Task details:
The full listing should be set down again precisely.

····················

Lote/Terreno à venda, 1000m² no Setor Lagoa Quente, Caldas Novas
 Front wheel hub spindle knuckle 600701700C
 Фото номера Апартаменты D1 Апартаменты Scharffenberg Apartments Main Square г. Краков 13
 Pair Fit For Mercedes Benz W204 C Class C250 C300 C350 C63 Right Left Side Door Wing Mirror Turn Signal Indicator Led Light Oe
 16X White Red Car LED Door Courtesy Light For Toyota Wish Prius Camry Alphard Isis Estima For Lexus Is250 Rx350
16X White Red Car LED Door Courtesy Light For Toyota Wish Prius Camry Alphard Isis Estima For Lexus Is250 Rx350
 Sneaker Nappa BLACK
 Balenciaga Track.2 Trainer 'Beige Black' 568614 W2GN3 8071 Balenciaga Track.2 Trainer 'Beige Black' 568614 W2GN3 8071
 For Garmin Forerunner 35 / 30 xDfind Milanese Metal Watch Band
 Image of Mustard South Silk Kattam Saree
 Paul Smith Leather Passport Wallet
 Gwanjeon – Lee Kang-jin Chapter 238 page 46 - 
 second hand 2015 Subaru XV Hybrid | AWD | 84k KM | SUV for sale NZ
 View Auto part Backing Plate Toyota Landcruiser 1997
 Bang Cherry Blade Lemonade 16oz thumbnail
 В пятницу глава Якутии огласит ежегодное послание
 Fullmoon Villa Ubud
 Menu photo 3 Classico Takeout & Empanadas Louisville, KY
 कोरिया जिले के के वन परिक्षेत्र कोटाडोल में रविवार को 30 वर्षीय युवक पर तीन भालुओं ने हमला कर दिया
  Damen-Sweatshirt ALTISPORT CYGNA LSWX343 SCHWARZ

····················

Result of this exercise:
Lote/Terreno à venda, 1000m² no Setor Lagoa Quente, Caldas Novas
 Front wheel hub spindle knuckle 600701700C
 Фото номера Апартаменты D1 Апартаменты Scharffenberg Apartments Main Square г. Краков 13
 Pair Fit For Mercedes Benz W204 C Class C250 C300 C350 C63 Right Left Side Door Wing Mirror Turn Signal Indicator Led Light Oe
 16X White Red Car LED Door Courtesy Light For Toyota Wish Prius Camry Alphard Isis Estima For Lexus Is250 Rx350
16X White Red Car LED Door Courtesy Light For Toyota Wish Prius Camry Alphard Isis Estima For Lexus Is250 Rx350
 Sneaker Nappa BLACK
 Balenciaga Track.2 Trainer 'Beige Black' 568614 W2GN3 8071 Balenciaga Track.2 Trainer 'Beige Black' 568614 W2GN3 8071
 For Garmin Forerunner 35 / 30 xDfind Milanese Metal Watch Band
 Image of Mustard South Silk Kattam Saree
 Paul Smith Leather Passport Wallet
 Gwanjeon – Lee Kang-jin Chapter 238 page 46 - 
 second hand 2015 Subaru XV Hybrid | AWD | 84k KM | SUV for sale NZ
 View Auto part Backing Plate Toyota Landcruiser 1997
 Bang Cherry Blade Lemonade 16oz thumbnail
 В пятницу глава Якутии огласит ежегодное послание
 Fullmoon Villa Ubud
 Menu photo 3 Classico Takeout & Empanadas Louisville, KY
 कोरिया जिले के के वन परिक्षेत्र कोटाडोल में रविवार को 30 वर्षीय युवक पर तीन भालुओं ने हमला कर दिया
  Damen-Sweatshirt ALTISPORT CYGNA LSWX343 SCHWARZ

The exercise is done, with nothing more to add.